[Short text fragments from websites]
★ ★ ★ ★ ★ ★ ★

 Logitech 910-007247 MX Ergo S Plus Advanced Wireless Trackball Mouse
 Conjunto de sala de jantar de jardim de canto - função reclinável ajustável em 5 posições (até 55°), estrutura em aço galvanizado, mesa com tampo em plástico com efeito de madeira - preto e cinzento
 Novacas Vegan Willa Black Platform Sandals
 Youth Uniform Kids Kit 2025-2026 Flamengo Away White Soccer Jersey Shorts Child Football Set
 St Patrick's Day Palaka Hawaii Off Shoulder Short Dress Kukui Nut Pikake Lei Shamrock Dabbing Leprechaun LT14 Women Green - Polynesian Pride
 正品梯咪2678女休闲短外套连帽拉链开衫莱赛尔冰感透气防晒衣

★ ★ ★ ★ ★ ★ ★

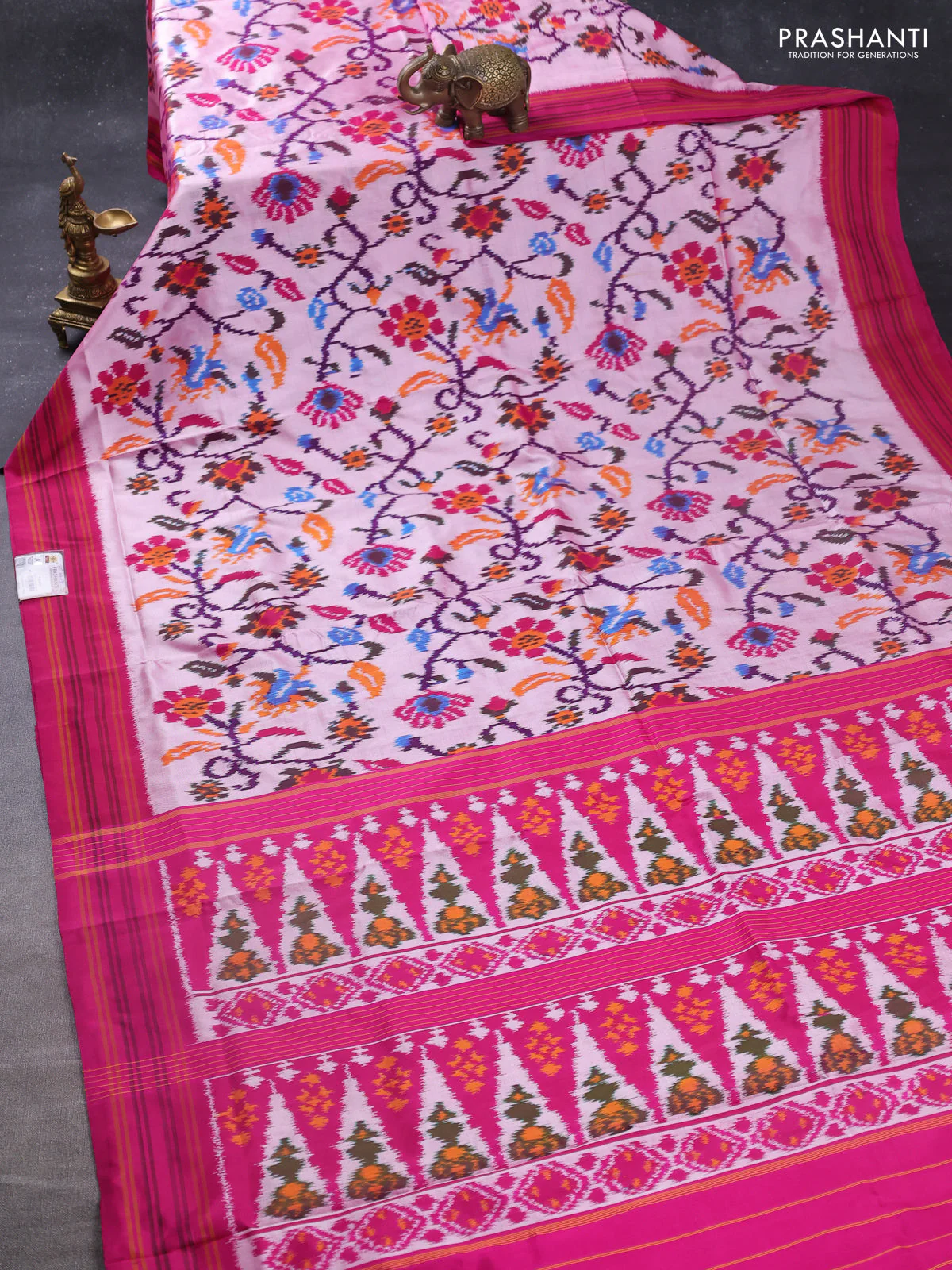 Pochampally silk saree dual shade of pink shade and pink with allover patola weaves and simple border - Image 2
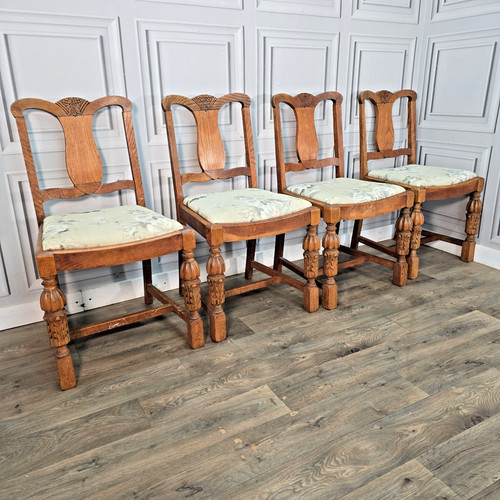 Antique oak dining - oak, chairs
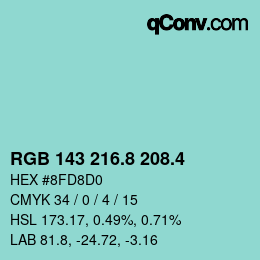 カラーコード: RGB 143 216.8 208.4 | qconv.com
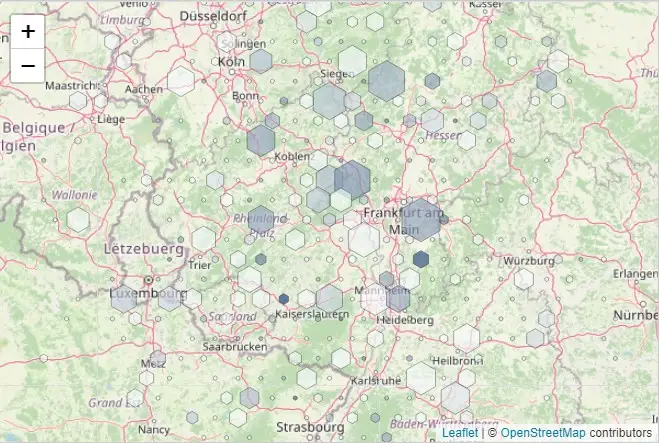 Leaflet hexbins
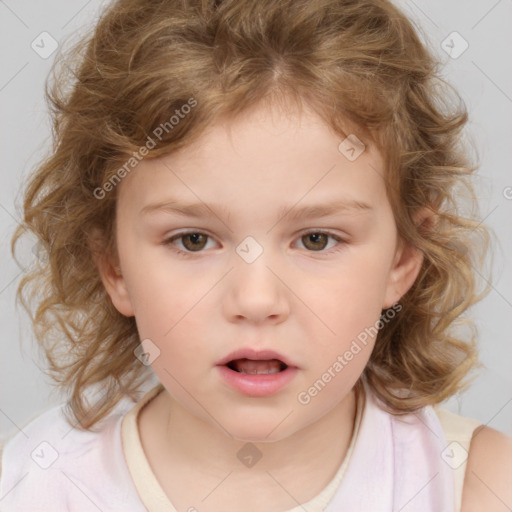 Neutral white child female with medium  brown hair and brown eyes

★ ★ ★ ★ ★ ★ ★

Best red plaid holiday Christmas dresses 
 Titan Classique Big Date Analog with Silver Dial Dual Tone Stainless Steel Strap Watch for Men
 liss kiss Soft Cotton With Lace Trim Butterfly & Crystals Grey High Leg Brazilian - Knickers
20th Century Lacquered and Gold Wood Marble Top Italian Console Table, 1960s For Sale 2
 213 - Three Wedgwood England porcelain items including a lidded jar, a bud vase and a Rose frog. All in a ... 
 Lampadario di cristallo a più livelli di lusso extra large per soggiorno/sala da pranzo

★ ★ ★ ★ ★ ★ ★

WHAT IS EXPECTED
Pull together all lines from the data that mention the word "sala".

TASK SOLUTION
 Conjunto de sala de jantar de jardim de canto - função reclinável ajustável em 5 posições (até 55°), estrutura em aço galvanizado, mesa com tampo em plástico com efeito de madeira - preto e cinzento
 Lampadario di cristallo a più livelli di lusso extra large per soggiorno/sala da pranzo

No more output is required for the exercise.